This step combines the rating data dimension_rating_data.txt
and the interconnectedness data combined_refined_concept_data.txt
into a single file.
To run this step, set mode='combine_final_file'
in ConceptGenerator.py
.
Additionally, you can use ratings_to_be_included
to control which ratings are added
(e.g.,ratings_to_be_included=['abstract', 'complex']
). Please ensure that dimension_rating_data.txt
contains rating data for any
dimension specified here. The user can also set ratings_to_be_included to ['all'] or [].
The resulting dictionary is stored locally as final_connection_data.txt
.
The previously generated data is the final data for local inspection,
but we also store it in Google Firestore for global use.
To run this step, set mode='write_to_firestore'
in ConceptGenerator.py
.
To make the data Firestore compliant, we first need to flatten the nested
structure in the 'branch' data (e.g., [["identity", 3], ["justice", 3]]
becomes ["identity", 3 ,"justice", 3]
).
Since Firestore documents have size limitations, we also split the dictionary
into multiple documents if necessary (i.e., chunk_size = 200000
).
The data is stored in Firestore as follows:
conceptBrowser
(Collection)finalConceptData_0
(Document)finalConceptData_1
(Document)- etc
abstract
(Number): Rating from 0 (concrete) to 100 (abstract)branch
(Array): The starting concept, its level, ...ordered_concepts
(Array of Strings): An array of the 8 most related concepts to this concept, ordered by relatedness
This step involves requesting ChatGPT to generate an 80-word summary for each concept.
To run this step, set mode='define'
in ConceptGenerator.py
.
The script iterates through all the concepts that serve as keys in the interconnectedness data dictionary.
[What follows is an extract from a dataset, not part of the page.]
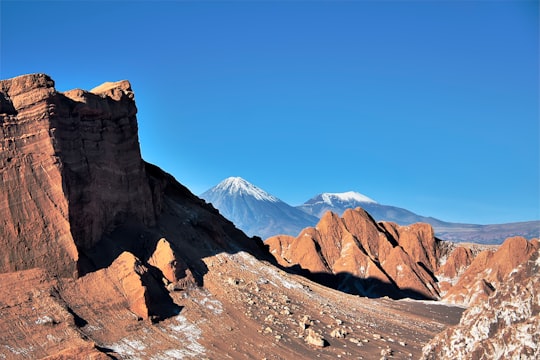 brown rocky mountain under blue sky during daytime in Atacama Chile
For each concept, the script first checks Firestore to determine whether a summary already exists. If a summary is found, the concept is skipped.
The generate_concept_definition
function sends a request to
ChatGPT to create a summary. It returns a dictionary with keys definition,
model,
and date
. The value of the first key contains the actual summary,
the second key contains the text "ChatGPT 3.5," and the third key contains
the retrieval date.
The data is stored in Firestore as follows:
conceptNames
(Collection)[CONCEPT NAME]
(Document)definition
(String): A concise summary (about 70 words) about the conceptdate
(Timestamp): The date and time when ChatGPT generated the definitiondefinition_model_version
(String): The version of ChatGPT used to generate the definition
Where CONCEPT NAME
is the name of each concept.
A few words about overall data management are worth noting. First, it is important to realize that ChatGPT requests are quite time-consuming, error-prone, and they cost real money. Therefore, the focus here is on saving data frequently and ensuring that scripts can resume their actions wherever ChatGPT encounters an issue, for example.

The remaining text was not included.